Platform Biography: A framework for analyzing the structures and dynamics of social media

Social media platforms have become influential in every sphere of communication, from the intimate and mundane to the public, professional, and political. It’s tempting to view a platform as a single “technology”—a static object that can be cast as a causal agent of societal change. But a closer look reveals that platform companies, their technologies, and the cultures that form through and around them constantly push against and reshape one another. If platforms are always changing, then how do we theorize, study, and compare them?

In this webinar, based on the book Twitter: A Biography, Microsoft Senior Principal Researcher Nancy Baym and Queensland University of Technology Professor Jean Burgess introduce an original approach to this problem: the Platform Biography, a systematic framework for analyzing social media platforms.
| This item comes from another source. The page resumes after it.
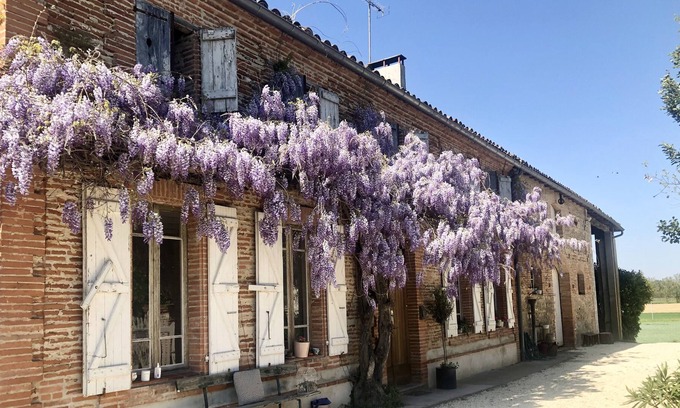 Castelferrus Casa | Beautiful 6 Bedroom Farm House in Castelferrus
The framework provides a toolbox of concepts and empirical methods to diagnose patterns of past and emerging change in the cultures, politics, and governance of platforms. The Platform Biography approach can be used and understood by researchers, students, and everyday users without privileged insider access to social media companies. Through its application to Twitter, Burgess and Baym will model how the approach can be used to study other platforms and apps.

In this webinar, you’ll learn how to:

  • Develop strategies for observing and understanding how user practices shape a platform’s technologies and business model, even as those forces shape user practices
  • Identify the elements continuously influencing one another to make a platform
  • Collect appropriate materials to conduct a Platform Biography
  • Narrow analytic focus to a platform’s most distinctive features

Resource list:

*This on-demand webinar features a previously recorded Q&A session and open captioning.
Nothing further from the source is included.